I suppose I might be breaking some law with the zigzag, as you call it, but it does seem a lot more sensible than the usual right-drift-with-eventual-sudden-snap-back, especially when there are only two discussants involved. I can tell you this much about Lentz's book: it is only 25 pages long, so more of a booklet than a book.
I can just about follow your race through the shruti system (thanks in some part to Don's lectures back in the 1960s), which strongly calls to mind aspects of both ancient Greek and medieval European modal theory. The former of course had four fixed notes in an octave— and four wildly movable ones, but the medieval system tended more to the stable-dominant-and-everything-else-can-wobble-around idea. My attention was drawn back to this concept recently by a performance of the Machaut Mass given here in Seattle by Marcel Pérès—not so much Machaut's polyphony as the plainchant Pérès chose to fill out the programme. If you know his work, you will be aware that he has been strongly influenced by Eastern Christian chant, and what was so very plain in his solo performances was the drone-like stability of a certain small number of pitches and the motility of all the rest, especially the fourth above the final. This obviously relates directly to the theoretical status of the Lydian mode up until that half-informed meddler Glareanus started insisting on fixing all seven steps of the scale and brainwashed the general public into believing there was therefore a difference between Lydian and Ionian. What rubbish!—Jerome Kohl (talk) 03:13, 29 March 2018 (UTC)

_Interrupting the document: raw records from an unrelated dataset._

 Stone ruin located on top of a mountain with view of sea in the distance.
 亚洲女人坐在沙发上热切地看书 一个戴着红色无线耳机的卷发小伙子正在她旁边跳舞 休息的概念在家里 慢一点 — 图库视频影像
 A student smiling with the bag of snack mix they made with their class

Aha! So you're siding with the Indians and accepting a variable 4th degree! I must quickly correct a conjecture I made above before checking the ratios rigorously, namely that the Indian system's failure to include a second G (40/27) to correspond to the second F (27/20) had something to do with their dogmatic position regarding the 5th degree. I checked the ratios rigorously and it turns out this is not the case. Instead it is also a result of the same technical consideration that prevented them from taking the two F sharp to be inversions of one another. The rest is well known and not a conjecture of mine. I've struck out above my hasty conjecture and grayed out the whole business about Raag Lalit which has now become a parenthetical remark irrelevant to the topic of the shrutis. I hope you enjoyed Raag Lalit though Face-smile.svg which would never have come into the picture without my hastily connecting the two situations. Basemetal 05:45, 29 March 2018 (UTC)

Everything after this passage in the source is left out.